Where Oh Where Has Civility Gone?

 

Welcome back to the school year!  It was a exciting and busy summer, but now we are all back in the school swing of things once again.  We, at Generation Think, are swamped 7 days a week right now with test prep and tutoring sessions, and academics remain at the forefront of much of what we do.  With that said though, I would also like to address a topic that I think we all need to be aware of as this school year starts; a topic that is equally as important as academic achievement and intellectual development.  That topic is civility.  I have already heard from many of our students talk of “mean girls”, intimidating boys, and cyber bullies.  It pains me to hear students talk about this pervasive meanness not only because I feel their hurt when they are the recipients of it, but also because it illuminates the fact that in this day and age, general human kindness must be taught to our children.  It is no longer an automatic supposition that our students know how to be thoughtful and sensitive to one another.  Civility is a lesson that requires constant and repetitive teaching.

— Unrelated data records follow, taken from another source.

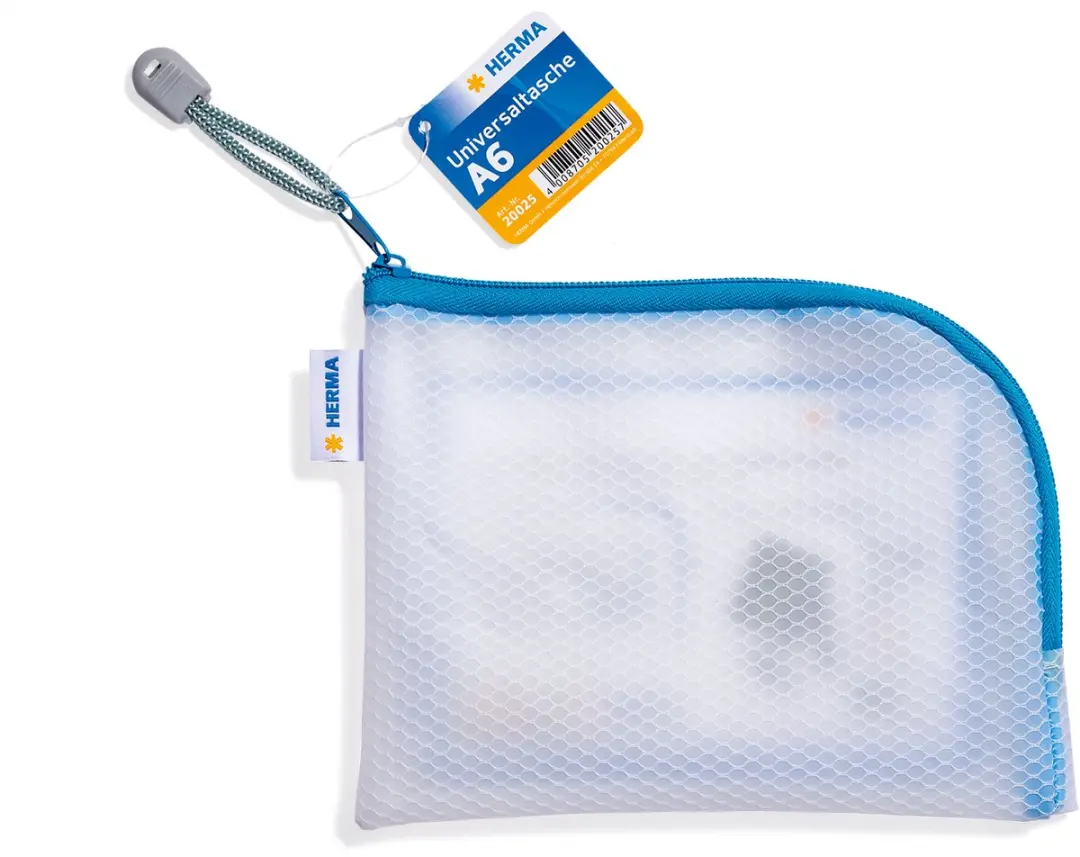 Herma Ritstasdoos Mesh A6 - Blauw/Wit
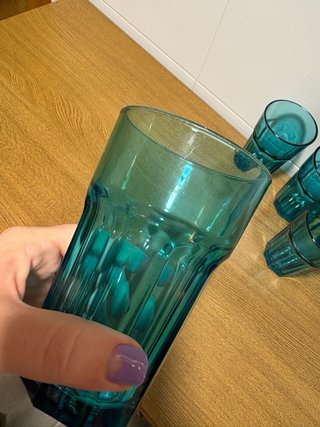 6 vasos Ikea Pokal turquesa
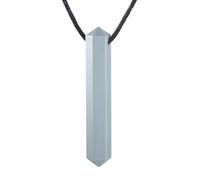 Gioielli sensoriali masticabili - Collana con ciondolo da masticare flessibile, catena di dentizione di gemme non tossiche | Giocattolo da masticazione in silicone lenitivo con ADHD, terapia aiuta la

Just like we encourage our students to stretch their brain muscle, we also have to encourage them to stretch their heart muscle.  As parents and educators, it is our job to model compassion and teach our students civility.  With so much focus in the 21st century on competitive advantage, over scheduling, and integrated technology, we are teaching students to value highly winning, rushing, and real-time. It is no wonder that our students today are desensitized and dehumanized to a point.  It is much easier to write a nasty Facebook posting about someone and to hide behind a computer than it is to engage in direct communication. It is much easier to spread gossip about another student than it is to reach out and show a little empathy to that student. These all have become easy things to do because children are not being held accountable for their actions and the quality of civility is not being placed as a esteemed expectation in a child’s value system. Children are not innately malevolent to one another—it is a learned practice attributed  to the value system they witness in the home, in the classroom, and in society. There are things you can do at home though, to encourage a sense of kindness and respect in your children. Child psychologists say that the family dinner table and “hang out” time on the weekends are prime times to employ teachable moments.  Try these few strategies at home to help teach your children the importance of kindness.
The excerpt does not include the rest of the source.